### SOURCE DATA

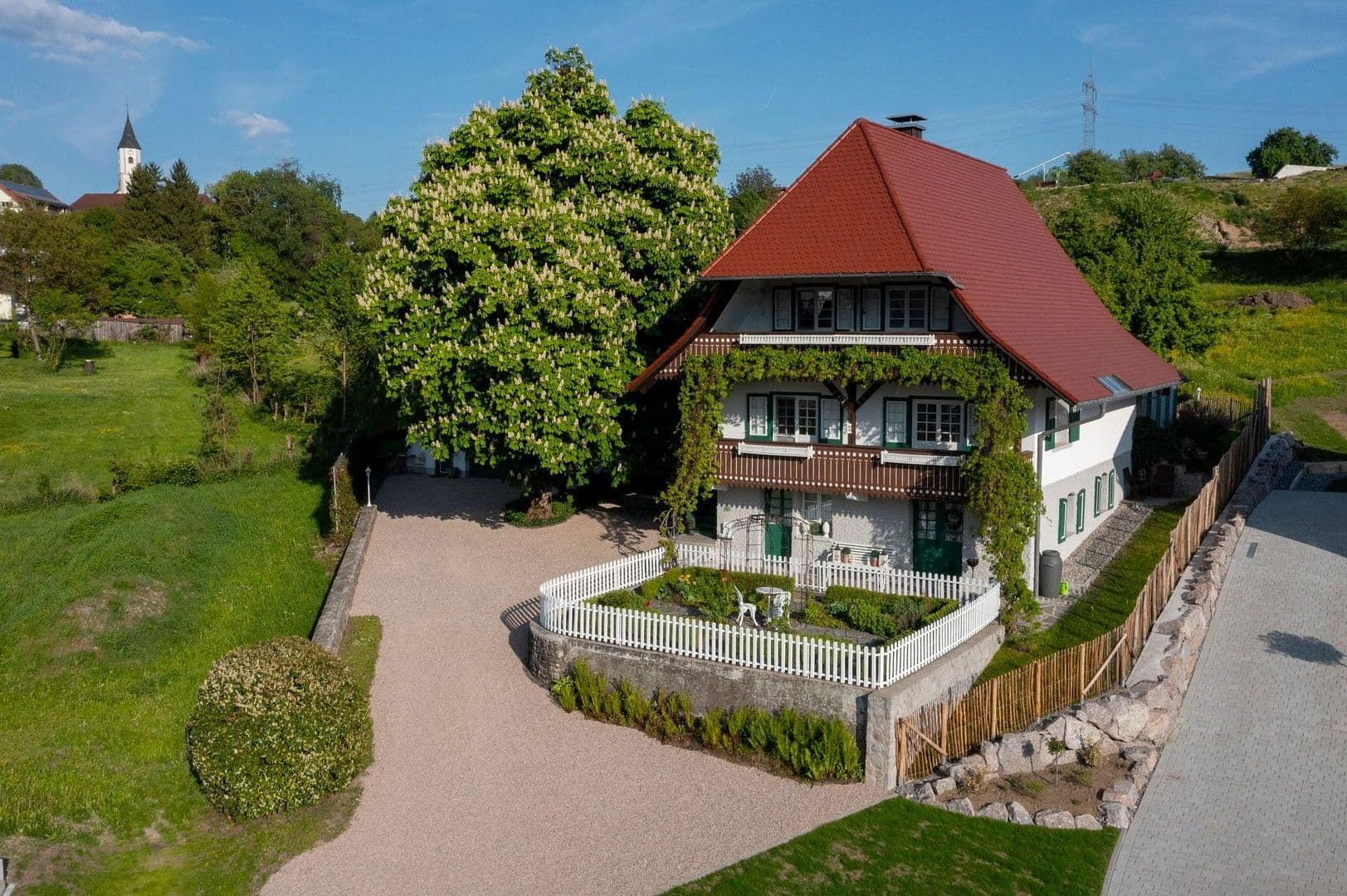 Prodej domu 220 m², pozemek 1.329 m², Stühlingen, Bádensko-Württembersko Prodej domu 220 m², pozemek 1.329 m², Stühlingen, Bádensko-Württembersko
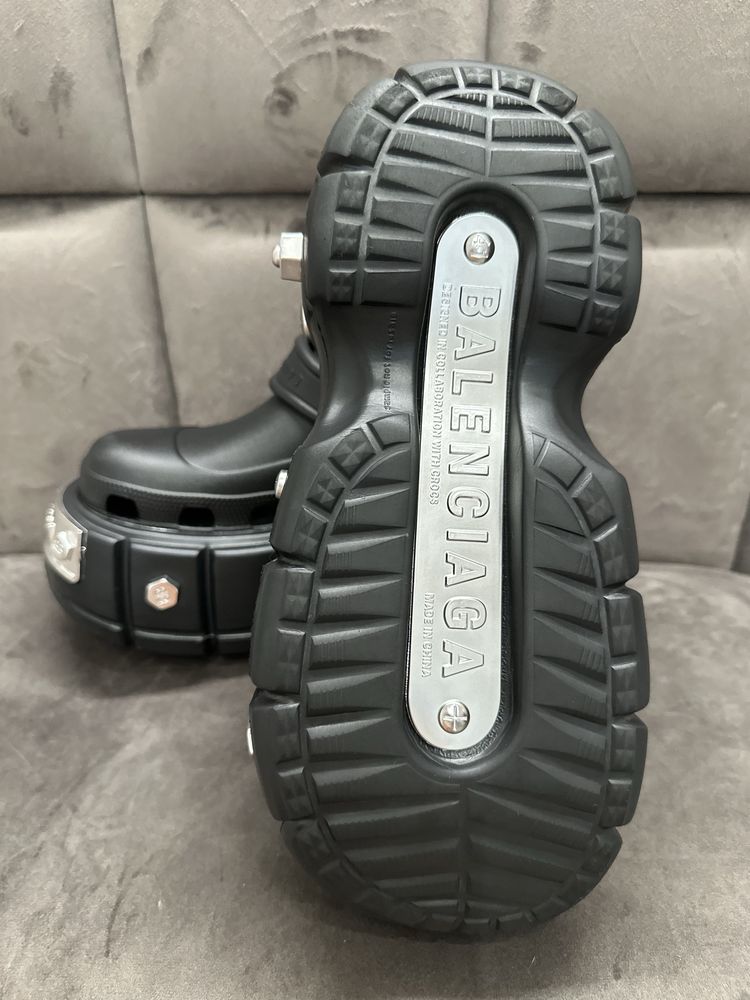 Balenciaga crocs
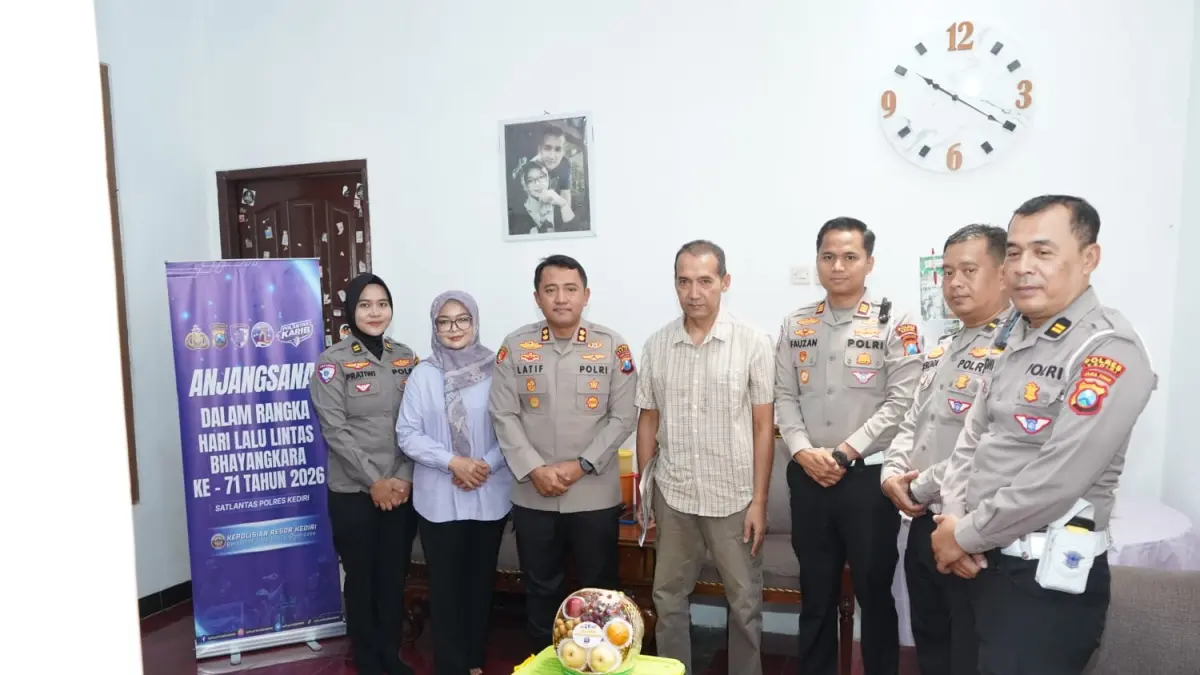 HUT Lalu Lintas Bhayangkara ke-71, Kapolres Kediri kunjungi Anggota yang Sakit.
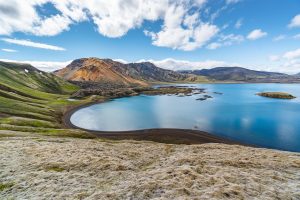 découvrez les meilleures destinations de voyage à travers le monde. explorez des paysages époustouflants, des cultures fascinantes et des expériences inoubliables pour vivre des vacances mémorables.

### THE PROBLEM
When you return the listing, keep it exact and omit any pictures it holds.

### SOLUTION TO THE PROBLEM
 Prodej domu 220 m², pozemek 1.329 m², Stühlingen, Bádensko-Württembersko Prodej domu 220 m², pozemek 1.329 m², Stühlingen, Bádensko-Württembersko
 Balenciaga crocs
 HUT Lalu Lintas Bhayangkara ke-71, Kapolres Kediri kunjungi Anggota yang Sakit.
 découvrez les meilleures destinations de voyage à travers le monde. explorez des paysages époustouflants, des cultures fascinantes et des expériences inoubliables pour vivre des vacances mémorables.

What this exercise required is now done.